→ **Activity**
A partial copy is required: transcribe exactly the lines from the one containing "Maarja Mitt ja" through the last line below, without any pictures.
★ ★ ★ ★ ★
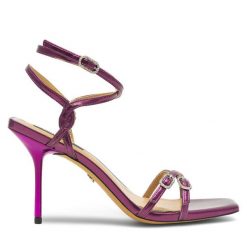Sandały Nine West. Fioletowe klapki damskie Nine West, bez wzorów, bez obcasa, na szpilce, bez zapięcia. Za 137.99 zł.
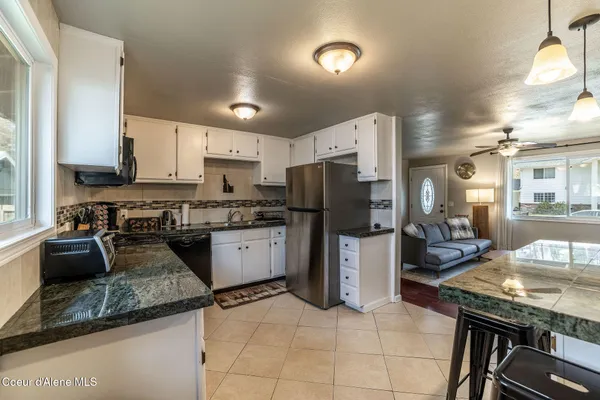 $537,500 | 1041 North 17th Street, Coeur D'Alene, ID 83814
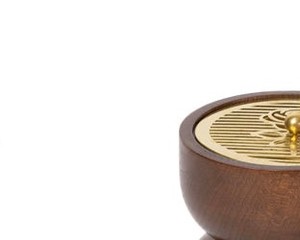 Quemador de Incienso Bakhoor de Madera Oscura de Lujo con Tapa de Metal con Filigrana Dorada, Porta Incienso Redondo de Madera Portátil para Oud y Decoración del Hogar - Product Image 6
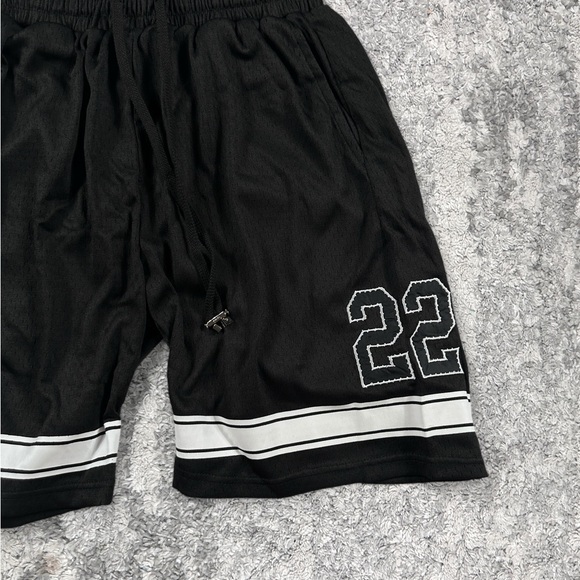 Amiri 22 Logo Shorts Mens Large Shorts - Picture 4 of 4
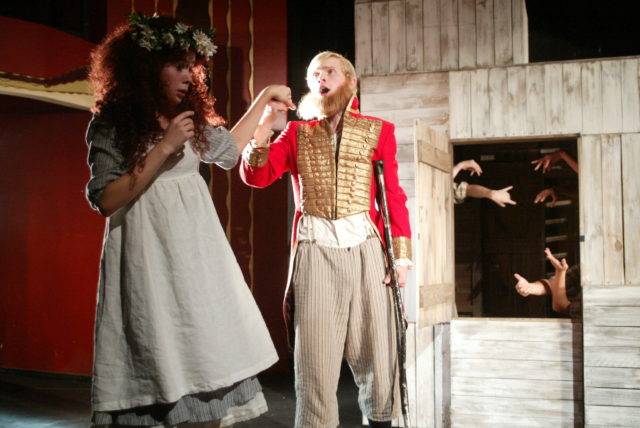 Maarja Mitt ja Kristo Viiding lavastuses "Tinasõdur, baleriin ja siga".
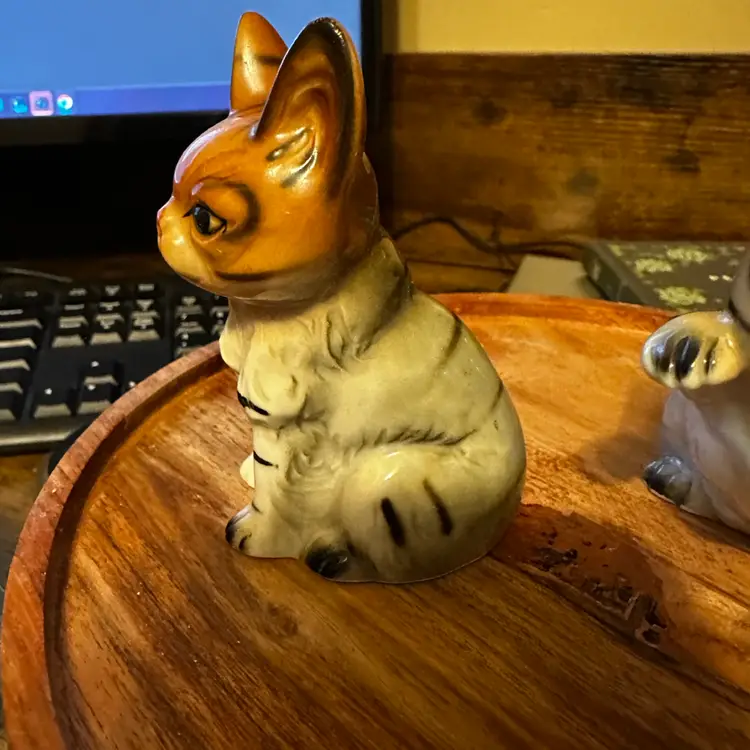 Antique Porcelain Kitten Figurine Cat Selkirk Rex Kitten Figurine Antique Ceramic Long Hair Flat Face Kitten Miniature Statues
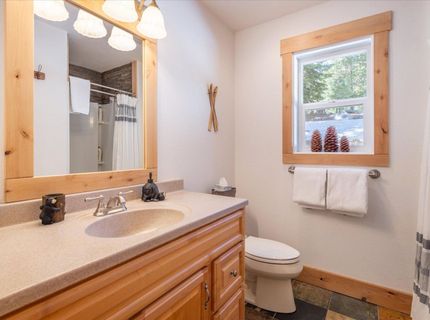 50638 Hemlock Court, Soda Springs, CA 95728 Photo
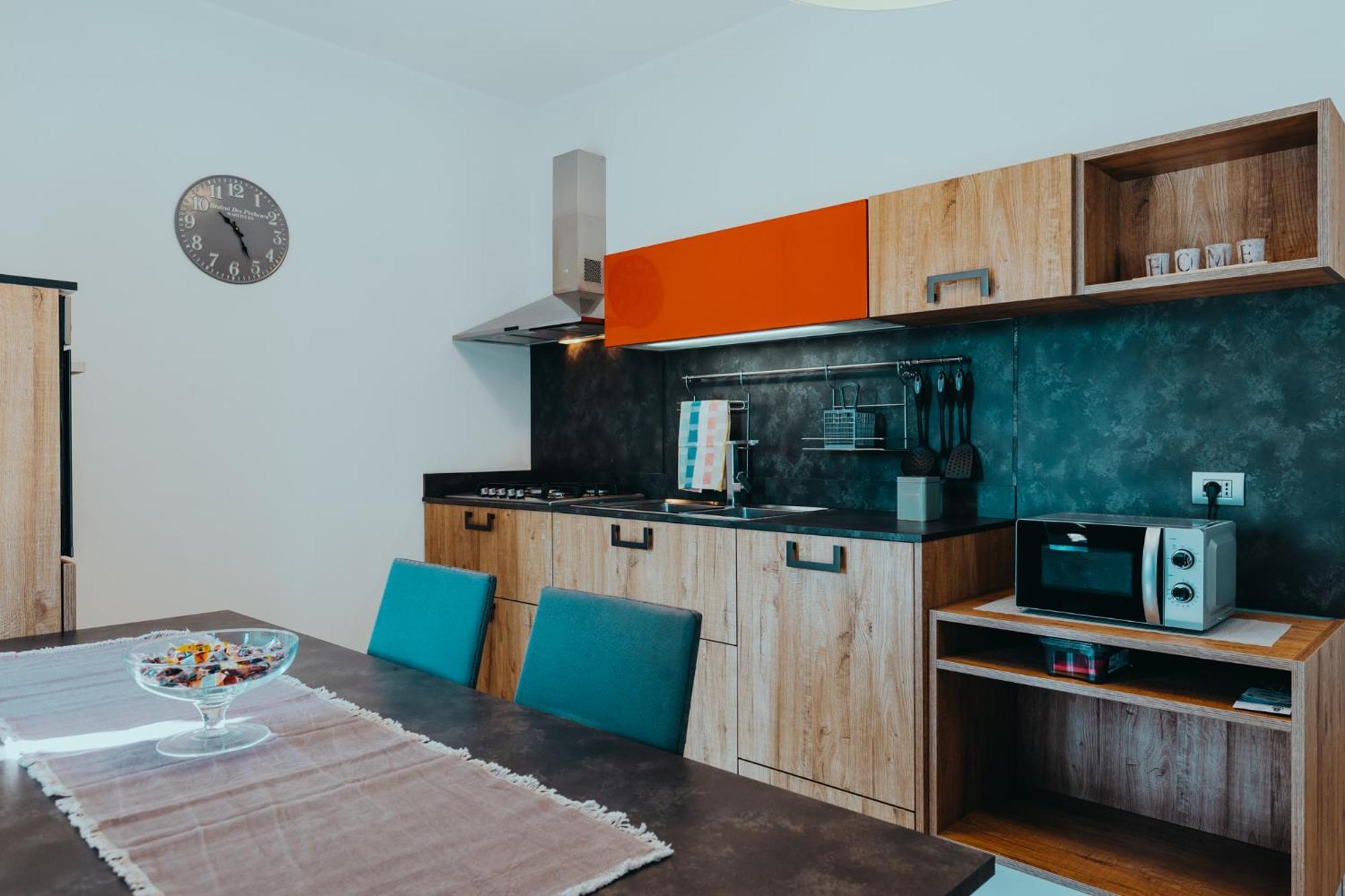 The Attico Apartment Padenghe sul Garda Luaran gambar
★ ★ ★ ★ ★
→ **Result**
 Maarja Mitt ja Kristo Viiding lavastuses "Tinasõdur, baleriin ja siga".
 Antique Porcelain Kitten Figurine Cat Selkirk Rex Kitten Figurine Antique Ceramic Long Hair Flat Face Kitten Miniature Statues
 50638 Hemlock Court, Soda Springs, CA 95728 Photo
 The Attico Apartment Padenghe sul Garda Luaran gambar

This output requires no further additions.